Labor has backed a move by the government to create a joint standing committee that will scrutinise the rollout of the National Broadband Network until its completion, which is expected in 2020.
Leader of the house Christopher Pyne this afternoon moved a motion that a “Joint Standing Committee on the National Broadband Network be appointed to inquire into and report on the rollout of the national broadband network”.
Until the NBN is “declared built and fully operational”, assuming the Senate supports the committee's establishment, the committee will report annually on rollout progress.
The terms of reference include utilisation of the NBN, Australia’s comparative global position with regard to residential broadband infrastructure, take-up of NBN services and “any market, industry, or regulatory characteristics that may impede the efficient and cost‑effective rollout of the national broadband network”.

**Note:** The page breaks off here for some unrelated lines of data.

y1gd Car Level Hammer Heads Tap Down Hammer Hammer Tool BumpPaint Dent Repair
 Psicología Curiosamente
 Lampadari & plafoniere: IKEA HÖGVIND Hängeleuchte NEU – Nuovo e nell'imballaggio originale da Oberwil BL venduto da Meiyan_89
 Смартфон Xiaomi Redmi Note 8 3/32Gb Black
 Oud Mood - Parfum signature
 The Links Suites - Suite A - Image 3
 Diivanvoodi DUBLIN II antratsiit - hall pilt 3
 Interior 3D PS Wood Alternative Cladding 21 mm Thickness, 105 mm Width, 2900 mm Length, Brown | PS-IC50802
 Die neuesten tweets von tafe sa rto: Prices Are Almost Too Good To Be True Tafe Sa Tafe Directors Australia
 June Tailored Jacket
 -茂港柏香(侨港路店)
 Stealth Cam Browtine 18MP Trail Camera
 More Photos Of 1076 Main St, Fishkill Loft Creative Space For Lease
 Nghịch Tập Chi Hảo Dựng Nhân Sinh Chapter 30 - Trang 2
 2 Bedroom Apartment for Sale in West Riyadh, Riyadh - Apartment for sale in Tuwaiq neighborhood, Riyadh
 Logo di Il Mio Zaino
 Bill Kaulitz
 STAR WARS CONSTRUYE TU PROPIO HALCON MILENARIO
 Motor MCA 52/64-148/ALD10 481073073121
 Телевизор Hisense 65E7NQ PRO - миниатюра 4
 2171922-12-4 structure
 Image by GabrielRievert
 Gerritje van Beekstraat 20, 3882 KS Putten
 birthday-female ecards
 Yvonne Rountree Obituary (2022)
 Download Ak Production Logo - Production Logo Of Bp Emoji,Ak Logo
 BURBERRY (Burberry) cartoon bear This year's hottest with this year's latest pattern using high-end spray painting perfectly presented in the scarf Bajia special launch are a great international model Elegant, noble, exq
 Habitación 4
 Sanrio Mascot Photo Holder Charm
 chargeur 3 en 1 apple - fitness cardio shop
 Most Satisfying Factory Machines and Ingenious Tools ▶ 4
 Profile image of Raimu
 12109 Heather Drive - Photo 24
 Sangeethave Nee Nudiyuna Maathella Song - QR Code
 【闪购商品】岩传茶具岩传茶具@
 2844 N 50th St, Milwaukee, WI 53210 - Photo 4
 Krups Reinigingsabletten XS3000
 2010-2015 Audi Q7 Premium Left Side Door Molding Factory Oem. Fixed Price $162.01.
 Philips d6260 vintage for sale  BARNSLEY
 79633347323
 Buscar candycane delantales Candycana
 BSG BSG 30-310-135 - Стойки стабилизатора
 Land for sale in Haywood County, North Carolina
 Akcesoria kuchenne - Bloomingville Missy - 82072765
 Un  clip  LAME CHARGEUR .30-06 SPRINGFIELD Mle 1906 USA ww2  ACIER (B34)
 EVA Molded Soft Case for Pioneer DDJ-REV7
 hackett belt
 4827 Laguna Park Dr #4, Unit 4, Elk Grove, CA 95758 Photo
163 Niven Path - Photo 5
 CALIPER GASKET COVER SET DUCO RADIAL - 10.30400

“We are pleased that there will be a committee established for parliamentary scrutiny of the NBN,” Labor’s broadband spokesperson Michelle Rowland said. However, the Labor MP said that she had some concerns over the rules governing the functioning of the committee.
The committee will have 17 members: Nine members of the House of Representatives (four each nominated by the Coalition and Labor, plus one non-aligned member) and eight senators (three each from Labor and the Coalition, one Greens senator, and one other cross-bench senator). (The government will nominate the committee’s chair and Labor its deputy chair.)
Rowland said she was concerned that under the government’s resolution, to achieve quorum a deliberative meeting of the committee would have to include a government member and an opposition member (and a total of five members overall).
The rules “could result in a perverse situation,” Rowland said. If three crossbenchers and seven Labor members turn up to a meeting but there is no government member present it wouldn’t be a quorum for a deliberative meeting of the committee, the MP said.
“We’ll be reserving our right to pursue this matter further in the Senate,” Rowland said.
Under the previous parliament, scrutiny of the NBN rollout was provided by a Senate committee dominated by non-government members.
At one point the Coalition senators on the former Senate Select Committee on the National Broadband Network called for it to be scrapped “and a new, properly constituted Joint Standing Committee on the National Broadband Network be formed as existed in the previous Parliament”.
Coalition Senator Cory Bernardi in 2014 unsuccessfully sought crossbench support for a motion to disband the Senate NBN committee.
The committee tabled two interim reports that were critical of the government’s handling of the NBN rollout, before the double dissolution election caused the committee to be disbanded and a perfunctory final report was issued.
The motion to create the new joint standing committee was passed unopposed in the lower house.